No, they are all private properties and many are still inhabited by the original families or their descendants. You can only see them from the sidewalk. If you are an architect or researcher, you can try to contact the owners through the Sociedad de Mejoras Públicas de Cartagena, but there is no guarantee of a response.
How long does the full route take?
If you walk without rushing, taking photos and resting at each stop, the route will take you between 2 and 3 hours. If you want to have lunch along the way, add another hour. It is an easy walk, with no steep slopes.
Are there local guides who explain these facades?
There are no official tour guides for this route, but some local architects offer private tours. Ask at the Universidad de Cartagena, Faculty of Architecture, or search social media for groups like "Arquitectura Cartagena." You can also use the downloadable Malokal map, which includes detailed descriptions of each house.
Historical or Contextual Introduction
Manga is a neighborhood that moves away from the hustle and bustle of Cartagena's Historic Center and offers a unique look at the modernist architecture that flourished in the early 20th century. Originally, this area was developed as a residential project for the Cartagena elite seeking a quieter lifestyle, away from the port life. The houses of Manga, many built between 1920 and 1940, present a mix of architectural influences ranging from neoclassical to art deco, creating a diverse and attractive urban landscape.

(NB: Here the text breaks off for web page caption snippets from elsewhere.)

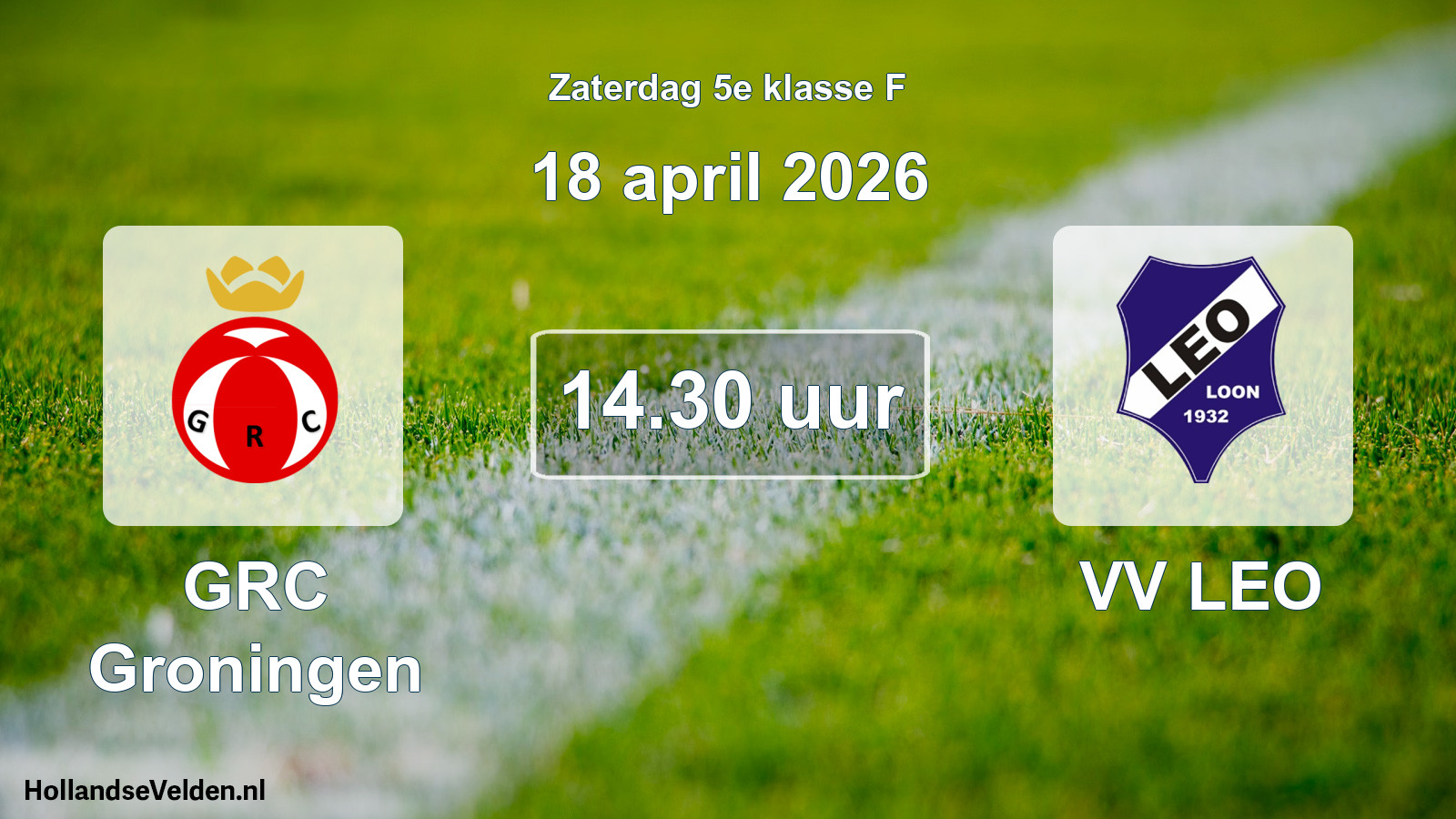 Scheduled Match: GRC Groningen - VV LEO (18 April 2026)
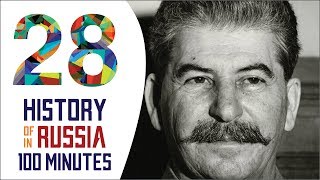 Joseph Stalin  History of Russia in 100 Minutes Part 28 of 36 [upl. by Eiznikam]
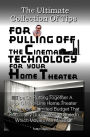 The Ultimate Collection Of Tips For Pulling Off The Cinema Technology For Your Home Theater: Tips On Putting Together A Top-Of-The-Line Home Theater System On A Limited Budget That Can Totally Duplicate The Style In Which Movies Are Made Of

The development of Manga was driven by the city's economic boom during the height of maritime trade, which allowed many families to build luxurious residences in this sector. This neighborhood is not only a residential area but also a space that reflects the social and cultural history of Cartagena. The streets are flanked by trees and canals, giving it an air of tranquility and beauty, contrasting with the busier image of the center.
To explore Manga, I recommend walking its streets and not missing details like the facades decorated with ceramics and the well-kept gardens. Furthermore, it is a place where you can still feel the essence of the daily life of Cartagenans, away from the tourist areas.